Quel sens donner à cette métaphore de la liberté dans une promenade qui devient de plus en plus angoissante, car plus j’avançais, plus je devais questionner, demander aux passants mon chemin, et découvrir que de nombreuses résidences avaient été restaurées, changées, refaites, transformées, devenues si belles, si sophistiquées dans leur design, que je ne m’y retrouvais pas.  Voyage au cœur de ma ville natale, pérégrination personnelle, comme une balade virtuelle qui me dépayse beaucoup dans un univers familier qui est devenu étranger en apparence.

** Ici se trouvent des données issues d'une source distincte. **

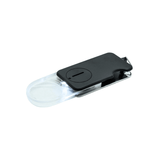 Lupa de bolsillo plegable negra con luz, abierta y encendida, iluminando la clara lente de aumento de 3,5x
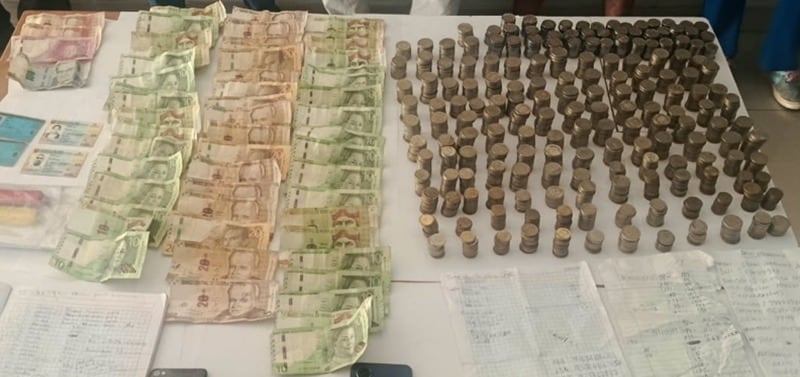 Cobraban 30 soles semanales a cada mototaxista. Si demoraban en pagar, les cobraban 10 soles de mora.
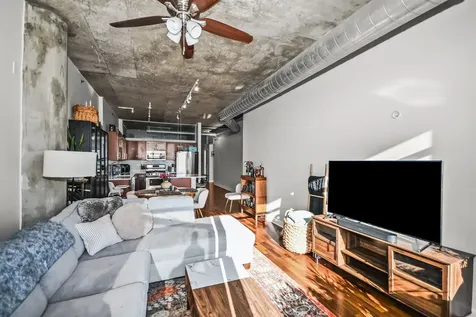 1305 South Michigan Avenue Chicago IL 60605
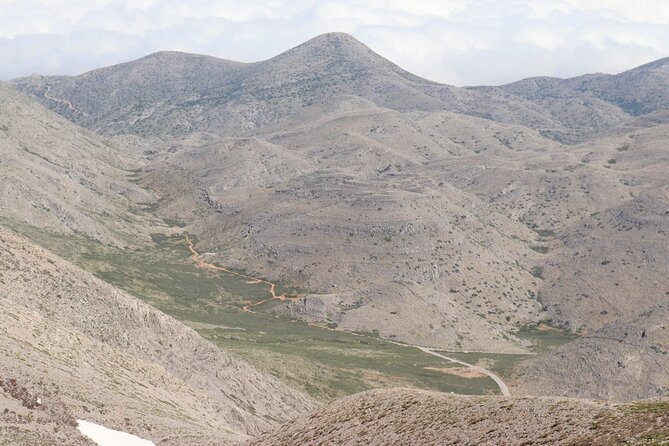 Hiking in Psiloritis Mountain (Ida Mt.) Crete - Stop 1: Psiloritis Mountain and the Summit Area Details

Je n’accordais pas depuis de nombreuses années, disons de moins en moins d’importance les années passant, au rêve.  Le rêve comme un détournement de la réalité, une diversion de soi de tout ce qui nous maintien rivé sur le monde immédiat.  Le rêve devenu imperceptiblement la distraction ou l’excuse parfaite pour détourner l’attention ou le faisceau de la conscience de la quotidienneté.

Est-ce que je me faisais, au fil des ans, une carapace fine ou efficace pour mettre en réserve cet appel que le rêve fait souvent à mon âme de philosophe et au passionné de psychologie et de psychanalyse que je demeure.  Le rêve comme réserve des possibles, comme monde autre, l’autre du monde qui rend le soi-disant réel possible.  Le rêve comme antidote indispensable à la prise de conscience des drames ou des folies qui habitent la vie.  Le rêve comme projet et espoir de projet, rêve au sens premier, espérance de vie meilleure, souhait de succès total de vie, rêve comme le nouveau qui déconstruit l’aspect difficile de la vie quotidienne et ouvre des espaces de plaisir et de joie.

Cet épisode attire mon attention car, depuis mon voyage en janvier 2005, au Sénégal, à Dakar où je revois proches, amis et toute la famille de base, je rêve de plus en plus au paysage de mon enfance et pense plus qu’auparavant, aux univers de la jeunesse, aux situations vécues au soleil, au bord de la mer, auprès de la mère et des parents, sur les voies de cette assurance et dans le climat de réconfort que le connu et le familial apportent au centre de la personne.

Rêver fait opérer un retour sur soi et agite les franges cachées d’un univers intime qui recèle en son sein de nombreuses virtualités de paix et de liberté, des conditions imaginaires d’harmonie et de conciliation, des leviers incroyables de potentialités presque sans limites.